Airline Stocks Not Ready for Take-off
The major U.S. air carriers are selling 80% of their seats, losing luggage at a record pace and departing and landing late like never before. Yet, the financially unstable industry is actually making money in 2007. So why not pick up some shares as you shell out $798 for that dreaded middle seat?
That wouldn't be smart. Airline stocks are not a good buy even though they appear to be cheap compared with other kinds of stocks in a market that is flirting with record highs. It's not an accident that virtually every major airline's stock is down this year, some of them by more than 30%. Here's why:
Trouble with the government. Even President Bush, who rarely baits big business, has ordered the airlines to fix their most horrific public-relations problem: taking care of delayed and stranded passengers so they don't sit in grounded planes for hours on end.
The only solution the airlines seem to offer, besides apologizing that this only happens a few times a year, would be to cancel more flights, which means the payment of cash penalties and refunds or free tickets.
Plus, the various passengers' bills of rights, which deal with such things as clean restrooms and food and water, get more and more strident and add more costs for the airlines to shoulder.
Profit growth is slowing. A year ago the domestic airlines' operating revenues per seat-mile flown (if you ride 500 miles from Washington to Atlanta, you represent 500 seat-miles) were growing at 9%, while expenses were growing at a rate of 3%. Expenses have stopped rising this year (perhaps because fuel has temporarily leveled off). But so have revenues from passengers, even though fares are up, on average, and planes are fuller. This suggests that more people are flying at discounts.
In fact, more and more of the new seats coming into the sky for international and foreign flights are at deep discounts or low fares. Ryanair, an Irish company that flies cheap routes to out-of-the-way airports all over Europe, is now the biggest publicly traded carrier by market value and says its net profit margin of 20% is the highest in the industry. (Its American depositary receipts trade on Nasdaq under the symbol RYAAY; they closed October 12 at $47.02, up nearly 2%.)
But even though Ryannair says it will double in size by 2012, it is already warning of soft traffic for the months ahead. The stock trades trading at 25 times earnings -- and that's after a steep drop in the price of the ADRs last winter.
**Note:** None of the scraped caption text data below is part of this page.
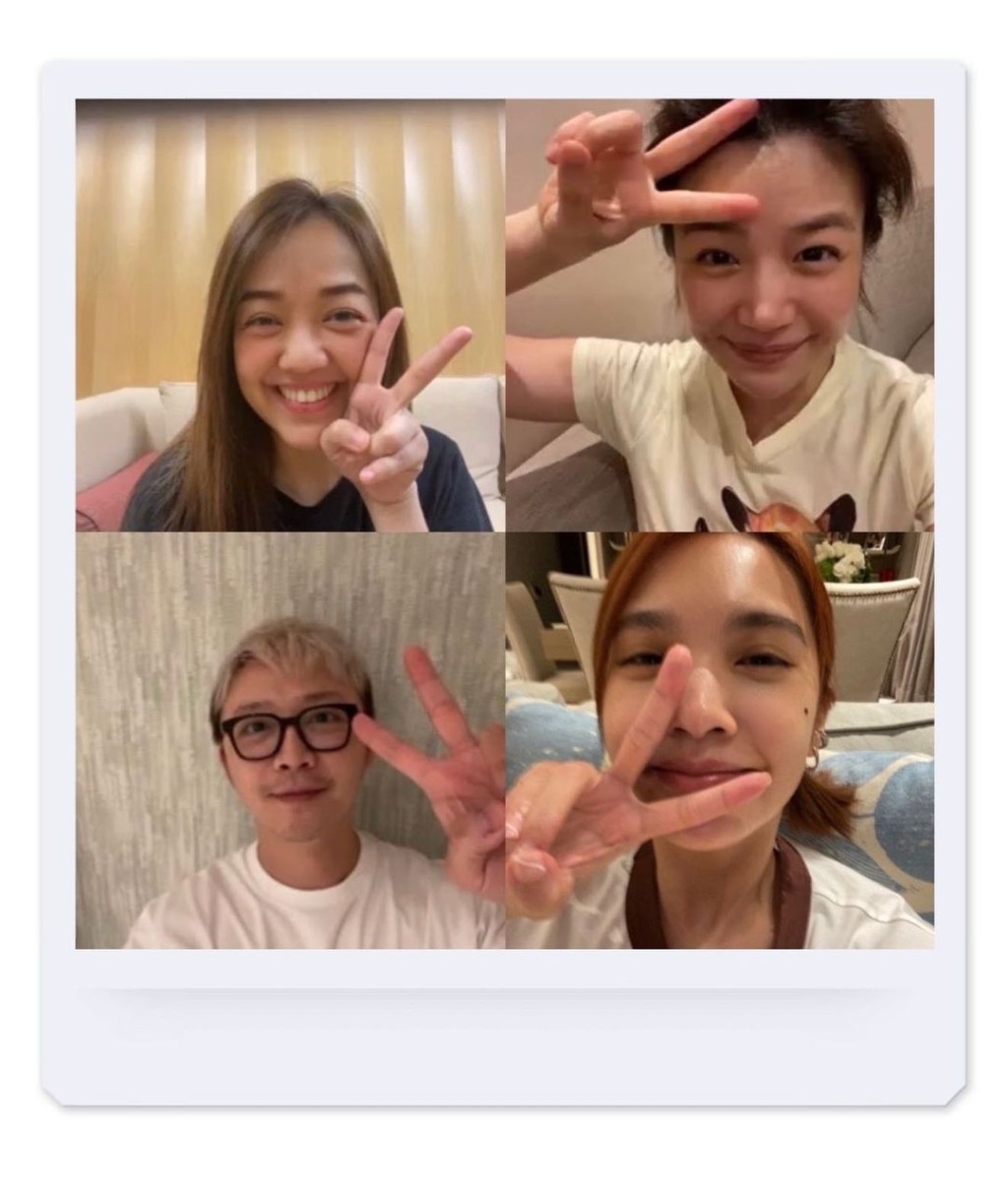 陳妍希就與友人跟Rainie視像祝賀。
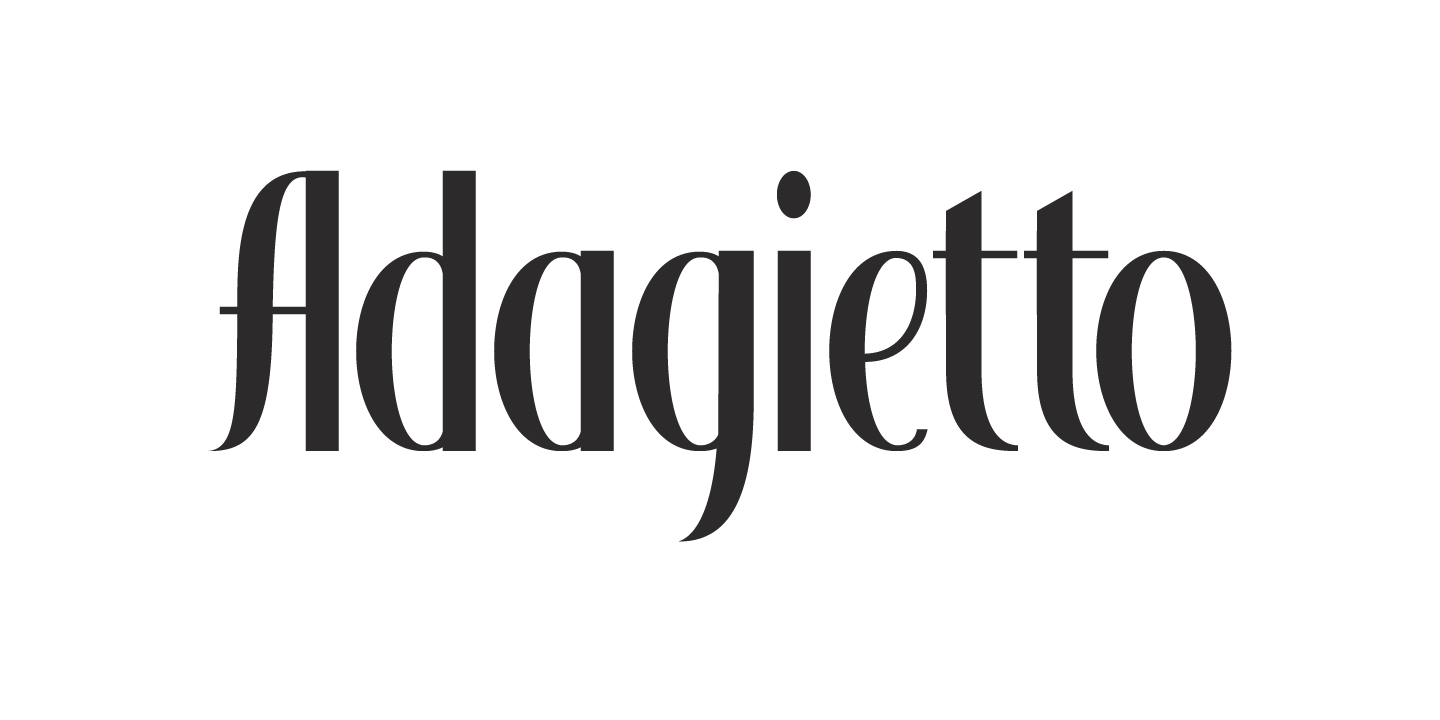Adagietto Font Poster #1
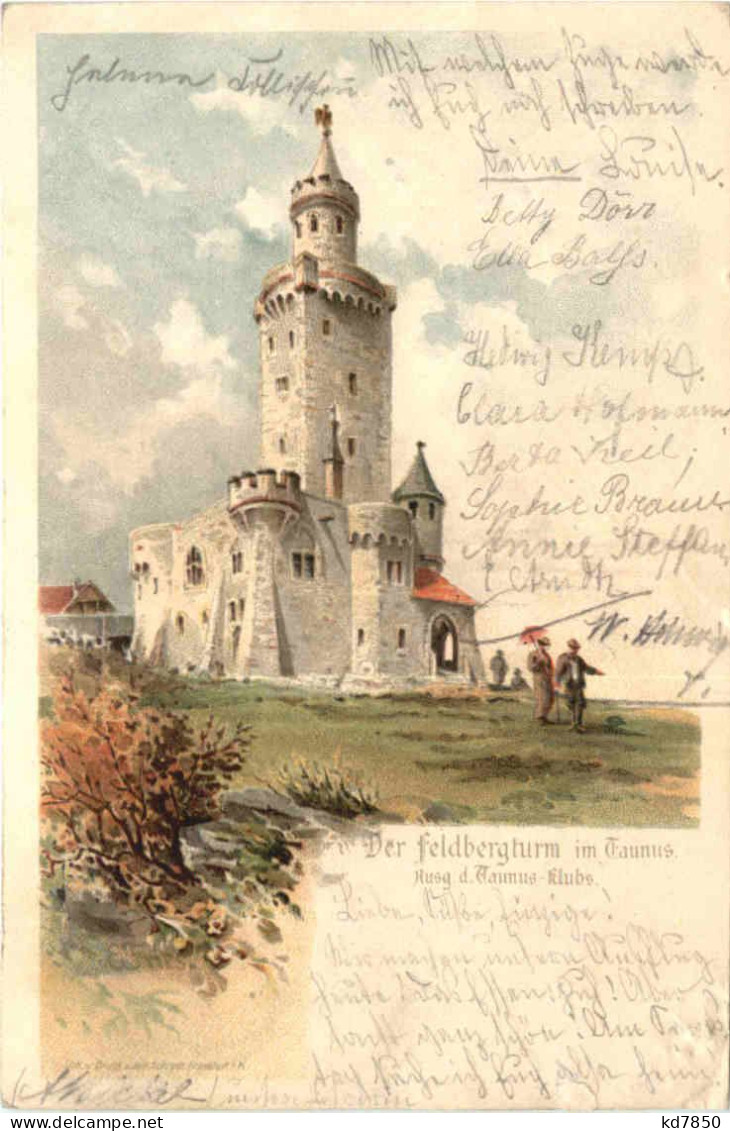 Der Feldbergturm Im Taunus - Litho - Giessen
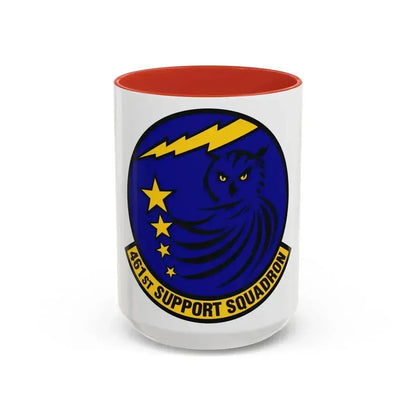 461st Support Squadron (U.S. Air Force) Accent Coffee Mug 15oz Red - Go Mug Yourself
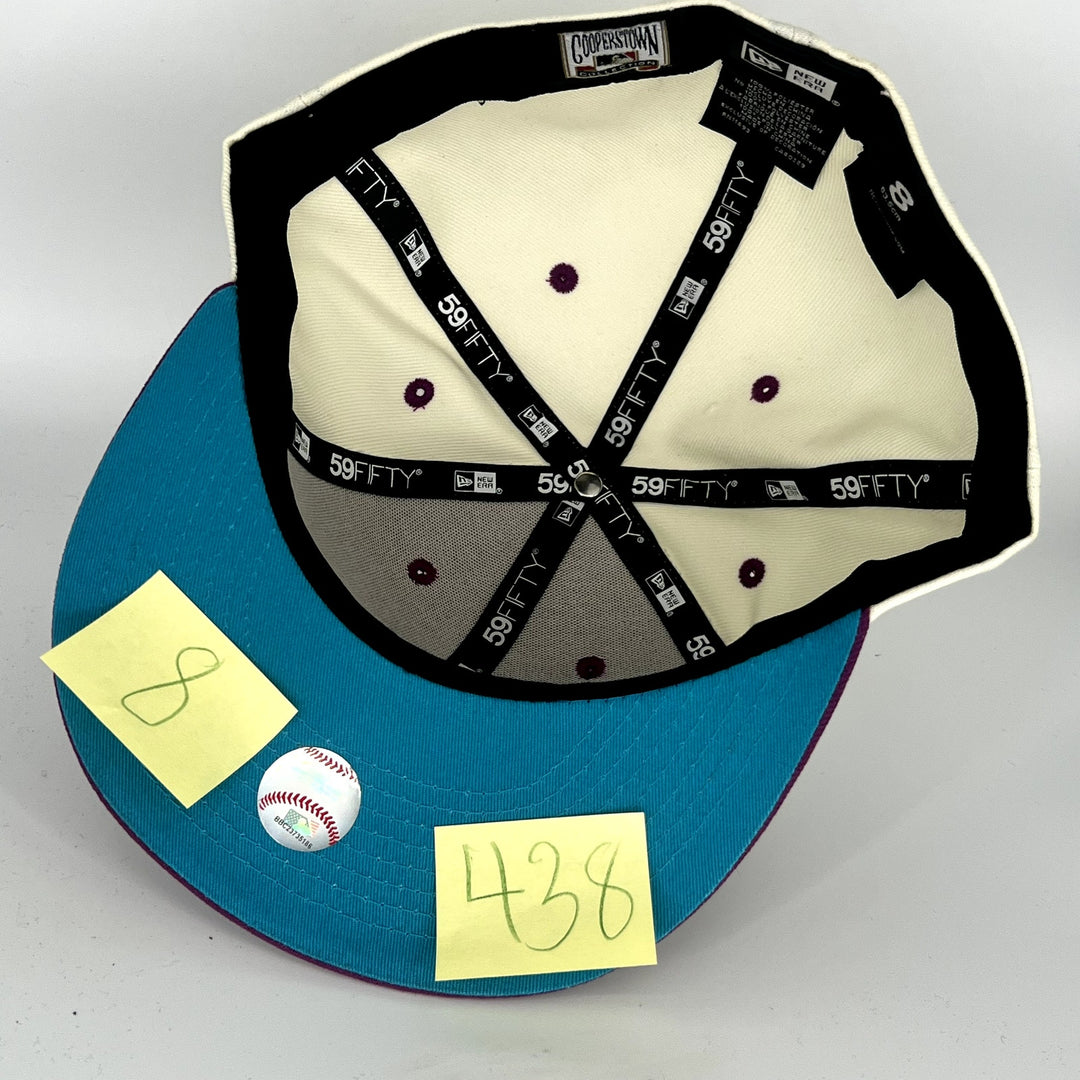 White Purple Houston Astros New Era MLB 59Fifty Fitted Hat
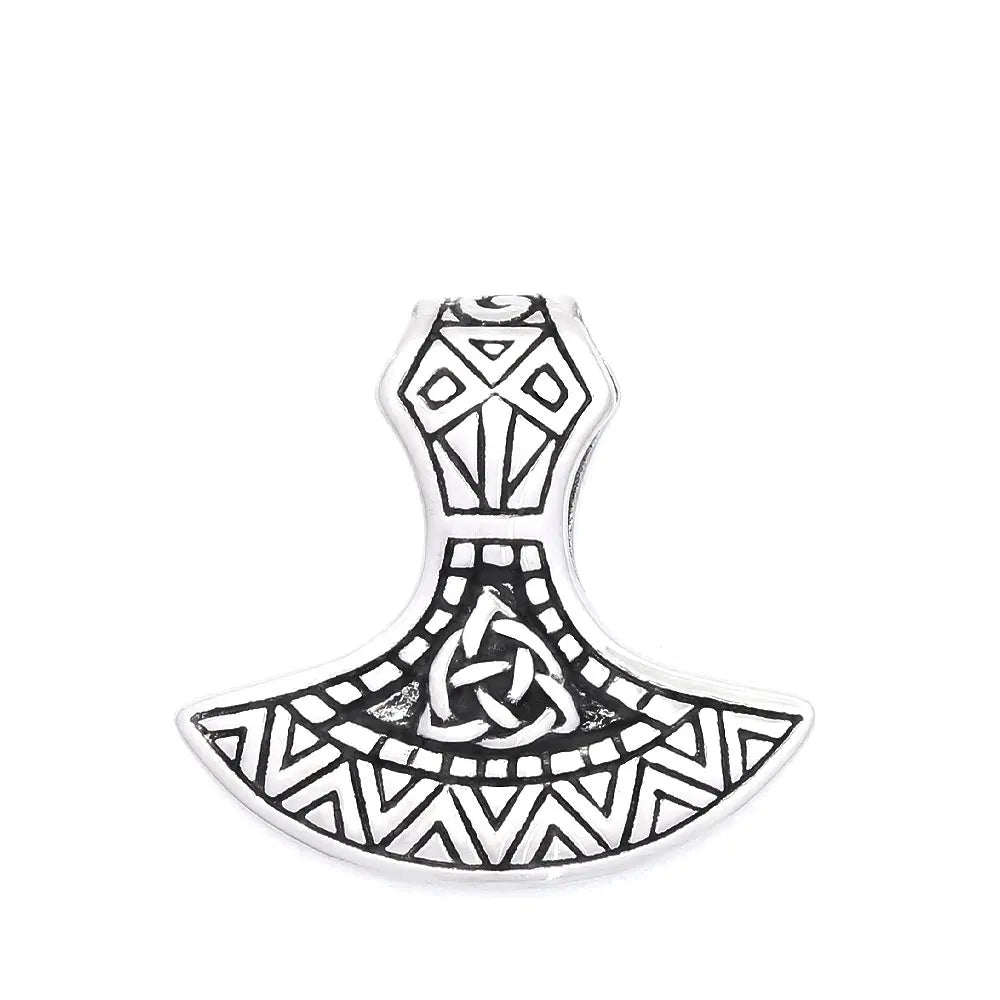 Viking Axe Head Pendant Necklace — Stainless Steel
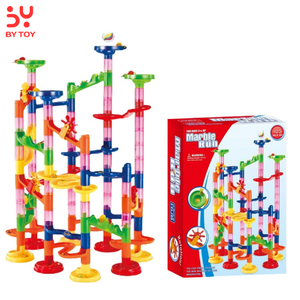 Juego de bloques de construcción, juguetes educativos, pista de carreras de canicas, juguetes para niños, ensamblaje de rompecabezas DIY, laberinto, trackball, bloque de construcción - Product Image 1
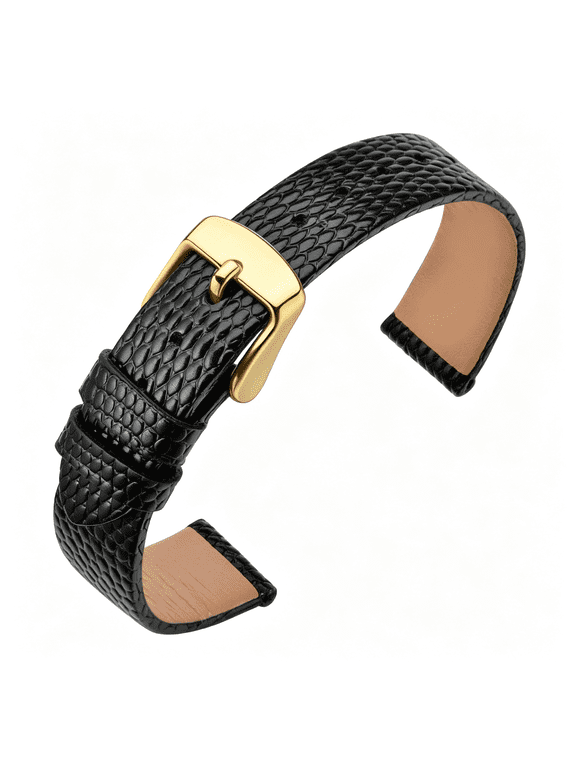 Women'S Leather Watch Band 10Mm 12Mm 13Mm 14Mm 15Mm 16Mm 18Mm 20Mm, Lizard Grain Slim Thin Replacement Strap Lizard Grain Slim Thin Leather Watch Band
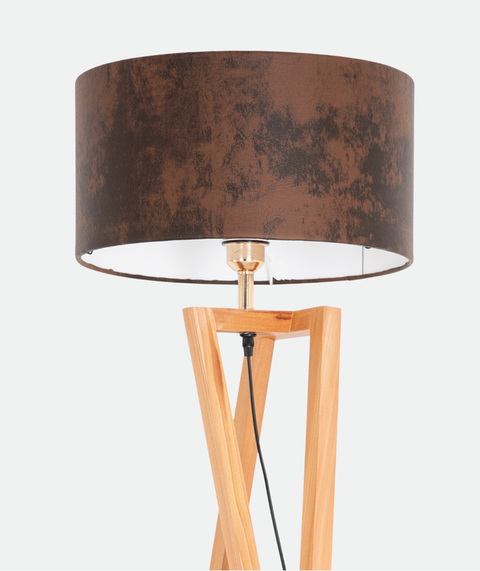 Modern Brown Floor Lamp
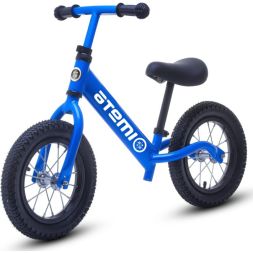 Беговел Atemi Turbo, ABBK01D, СИНИЙ, рама алюминий, колеса (30, 48 см) надувные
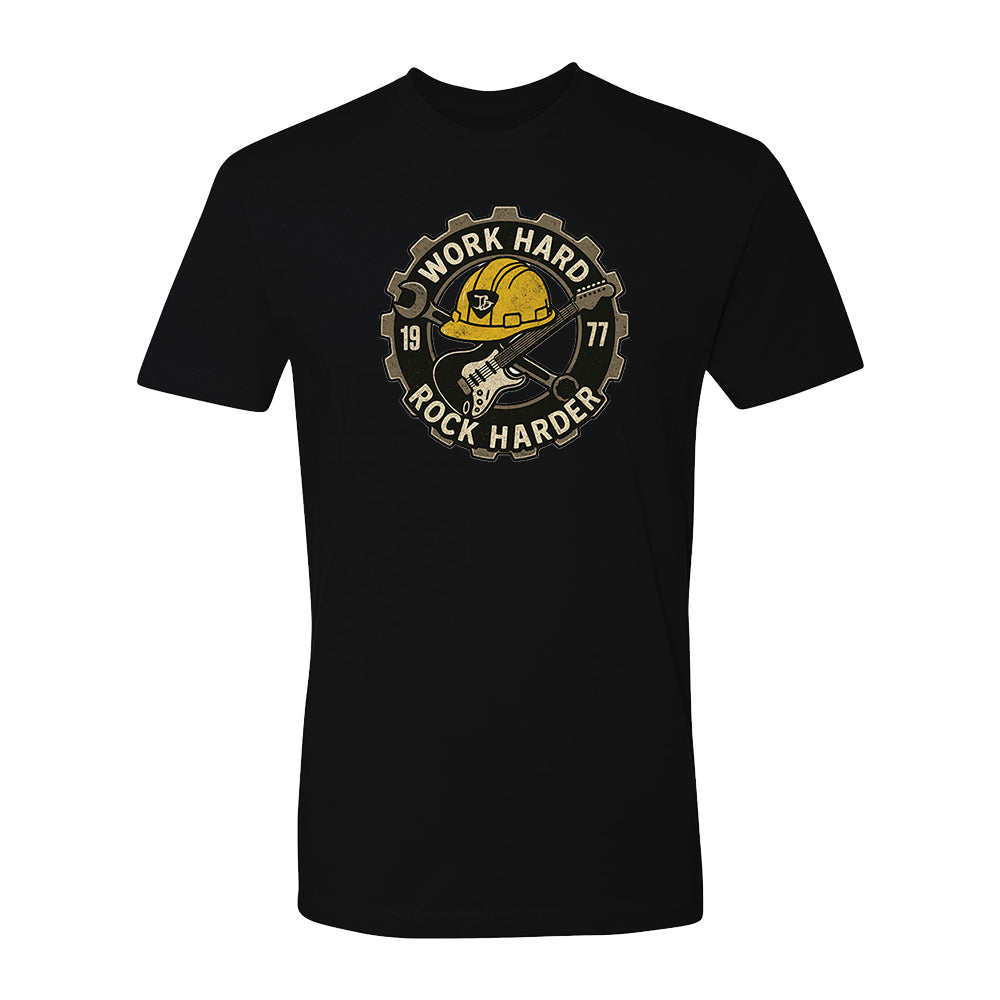 Joe Bonamassa Work Hard, Rock Harder t-skjorte svart bomull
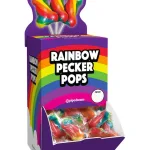 Rainbow Pecker Pops - 72 Count Displays-Bowls & Wall Displays | Bowls Pipedream
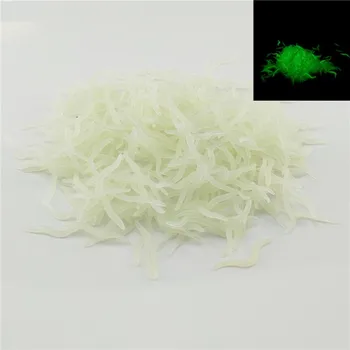 60pcs 4cm Pescuit Silicon Luminos Simulare Miros Râme Pește Momeală Moale Momeala Red White Worms Isca Artificiale Accesorii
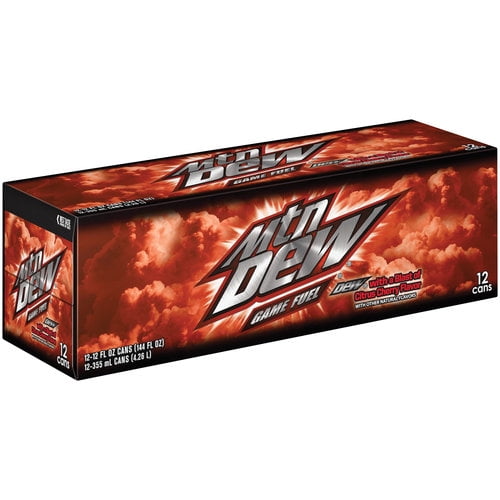 Mountain Dew Game Fuel Soda 12 Fl Oz 12 Count - 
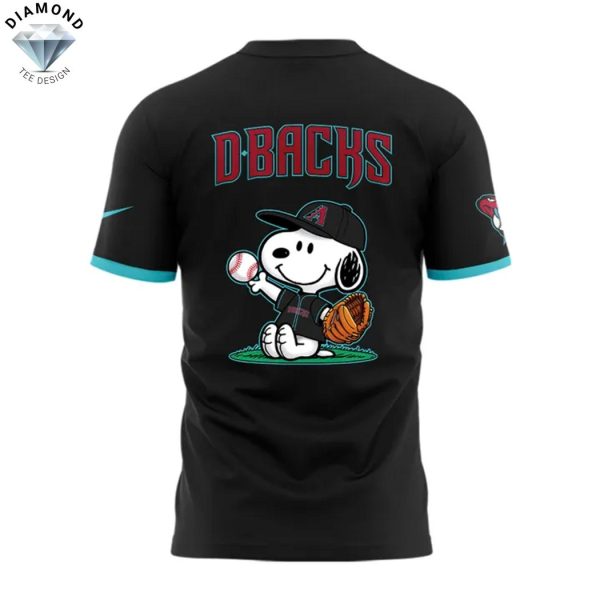 Arizona Diamondbacks Peanuts Snoopy 3D T-Shirt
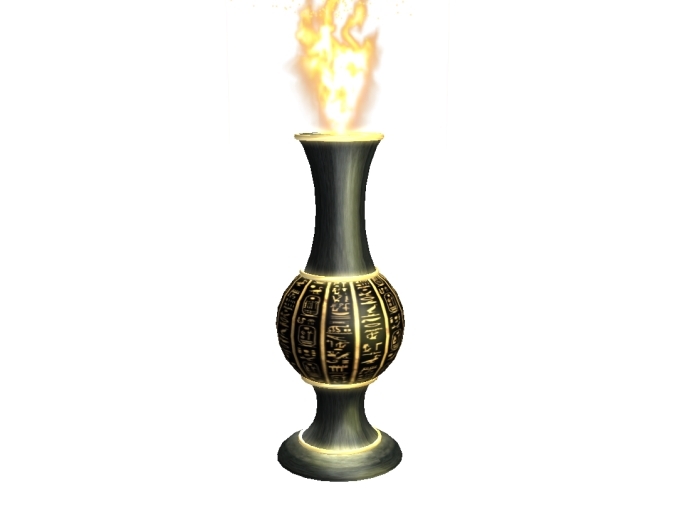 Egyptian vase with flames - perfect for your pyramid!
Fuel. Analysts at Lehman Brothers, like some others, make a case for a traders' rally in airline shares for 2008 -- if there are big drops in what the companies pay for fuel. (Ryanair's fuel costs are hedged for another 18 months, another reason why it's highly profitable). If the price of refined fuels falls, the airlines could see wider profit margins -- but that is a very big if.
Competition. The heavy demand for flying means that more airlines are starting up or expanding in the U.S. One example: Virgin America, which flies cross-country flights for $139 each way. More startups will put more pressure on the older, high-cost carriers and their share prices.
Bad history. Finally, there's the nasty history of investing in airlines. In a bad year, such as 2005, the industry lost $27 billion, including write-offs for bankruptcy charges at United, Delta and Northwest.
In a good year, such as 2007, the industry might make $4 billion. In recent memory, only one airline stock has ever taken on the characteristics of a long-term growth company, and that was Southwest Airlines (LUV), which expanded rapidly from a regional to a national airline in the 1980s and 1990s.
But over the past eight years, despite the strongest balance sheet in the business, no strikes and regular profits, the stock has gone nowhere. Southwest's successful fuel-hedging protected it for a while from inflation in oil prices, but that is no longer the case. Southwest is not so much a speculative stock but a grounded one. It closed at $14.67 October 12, essentially unchanged.
As for the rest of them, you're as likely to take off on schedule as see your shares get airborne.